The Battista Sisters came to me in the first week of February 2012, having been found flying around a bedroom in an old house in Marietta, OH (Stella) and clinging to a brick pillar in a busy supermarket breezeway, six inches off the ground (Mirabel). 

I took them in, they bonded and became inseparable, and I kept them the rest of the winter, waiting for the weather to warm enough to release them. 
Oh, and I fed them. Mealworms. Boy did I feed them. 

I plan to write this up elsewhere, and spent a good long day on the jet to Soldatna writing about it, but the long and short of it is that I gave them too much food and really messed them up. They came to me in the 17-18 gm range. I left the in the garage hibernating in cool temperatures and as of March 1 they were still maintaining a weight of about 18 gm each. Perfect. But I got sloppy and started giving them more worms, just dumping a bunch in their bowl every morning, and by April 16 they were each topping 25 gm. ACK! How did that happen?
It turns out that you have to ration them to about 12 a day. I didn't know that. I gave them all they would eat, and that's a lot.
This is Mirabel, and it's what a 25-gm big brown bat looks like. She looks like a flying sofa pillow, that's what she looks like.
In this photo, I'm blowing on her back fur to reveal a huge U-shaped roll of fat around her bottom under her sweet pink skin. Oh-oh.

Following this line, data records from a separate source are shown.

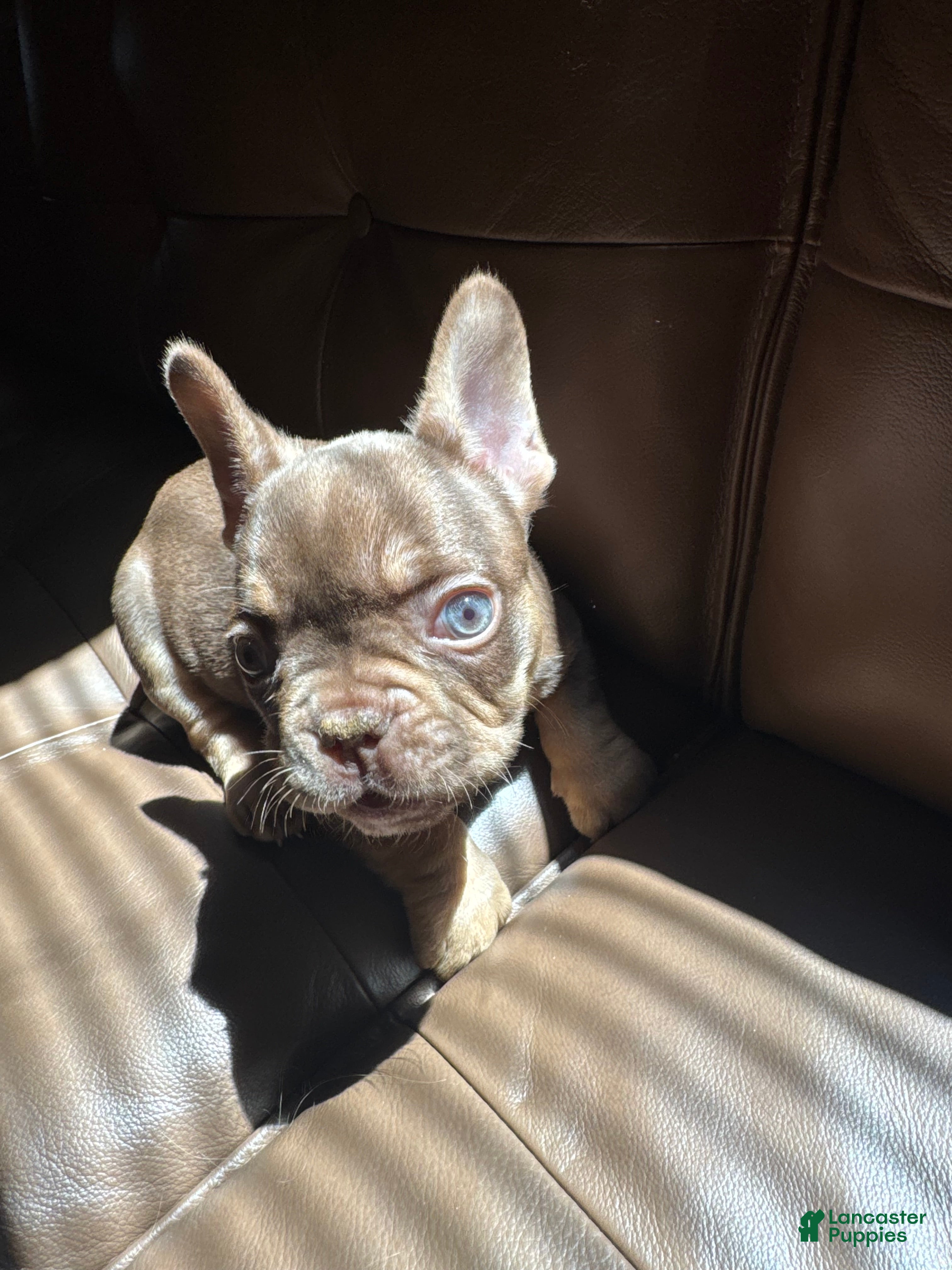 French Bulldog dogs DEVIL WEARS PRADA - Ad 1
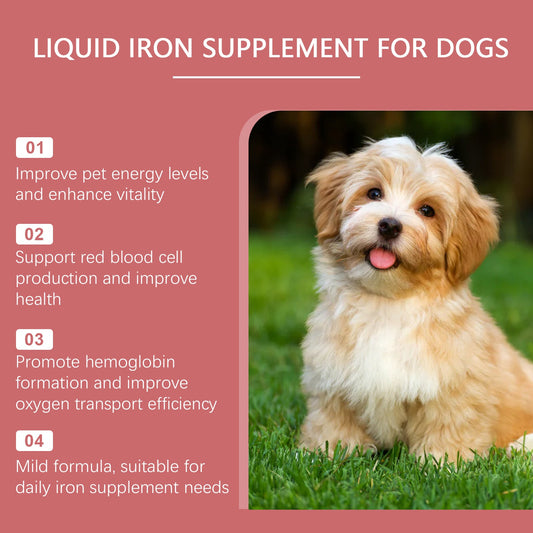 Pet Dog Syrup Pampers Pet Dogs With Gentle Ingredients To Help Absorb Care Supplements eprolo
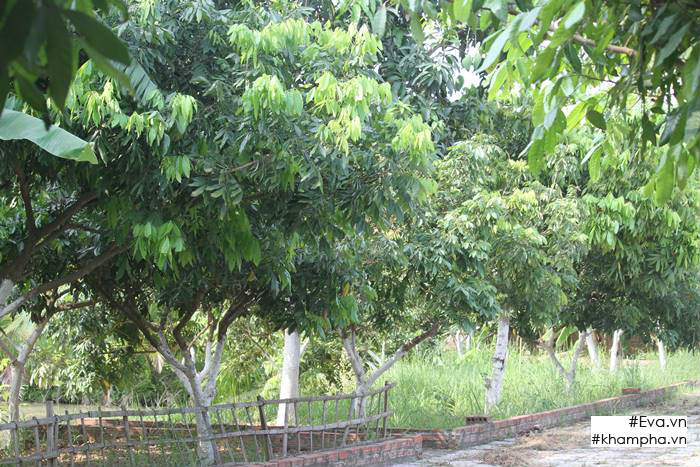 Chiêm ngưỡng nhà vườn 10.000m2 mà Giang “còi” quyết không bán để mua chung cư nội đô - 7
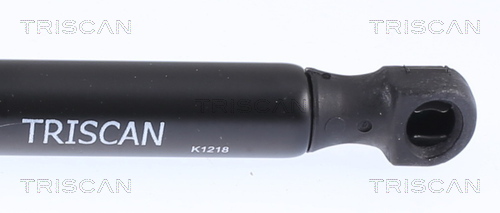 TRISCAN 8710 14221 Gasfjäder, bagageutrymme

See how her whole stern section (the furred part) is U-shaped? It ought to be deltoid. Yeah, so should mine.
This is how a 25-gm big brown bat flies. Which is, not at all. Scuttle-hopping is more like it. Baby got bat.


Mirabel, I got some 'splainin' to do. First, I'm sorry I got you into this mess. I thought I was helping you girls.
Second, I'm going to fix it. First, we'll get you a tent. A beautiful Wenzel Zephyr 9 x 13' screen house. 
Whose most important feature is the "welded polyethelene floor" (see Mirabel's substrate, above) which is integral to the walls and will prevent you and sister Stella from escaping while you attend Bat Boot Camp with Mether.

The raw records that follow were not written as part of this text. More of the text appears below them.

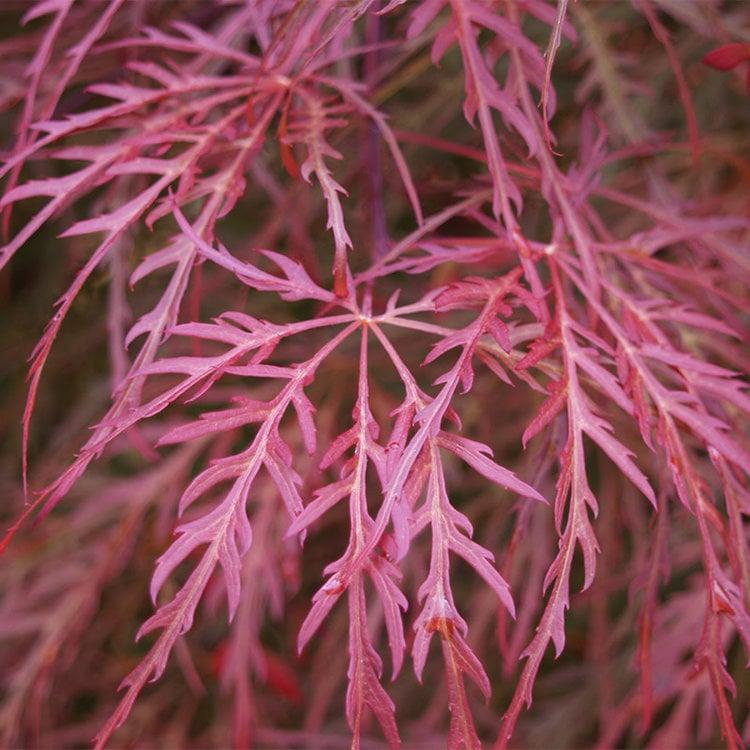 Acer Palmatum Dissectum Crimson Queen - View 20 from www redcrocus com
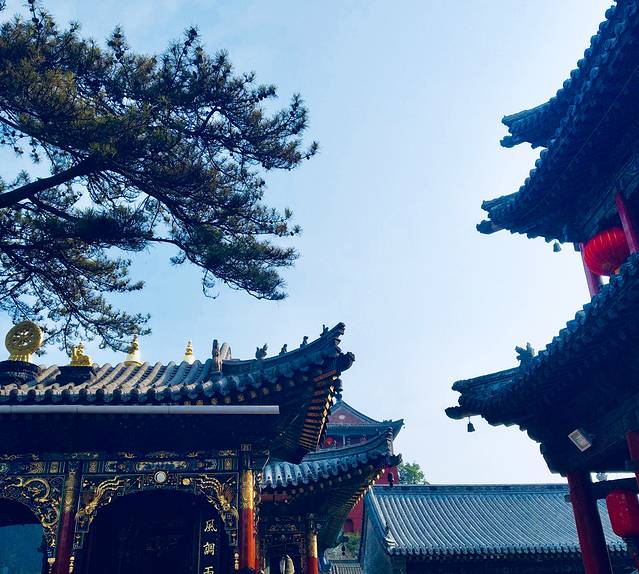 五台山游记200字,五台山七日朝拜攻略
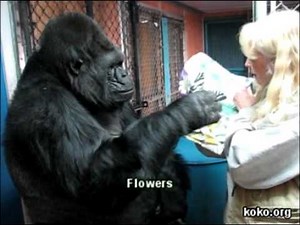 Koko learns a new sign: Butterfly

Bat Boot Camp? What's that??
Sounds eeky (says Mirabel as she hangs inches from the floor).



Well, it's where Mether picks you up and tosses your fat little bodies into the air every evening, and she cuts your mealworm consumption by oh, 90% until you lose the extra baggage and are airborne again.
We'll install you in the tent and you can get out and fly whenever you feel like it.


Stella: We don't feel like it, thank you.

Oh, you will. You will. Or I'm going to die trying.

If you do a little math, bringing a bat down from 26 gm to 18 gm is like asking me to get down to about 97 pounds in 4 weeks. I beg of you, don't do the math.

 Some said it couldn't be done, but I owed it to my girls, and I was going to give it one heck of a try. On the bats. Not me. I would need my Tahitian Vanilla Talenti Gelato to fortify me for the work ahead.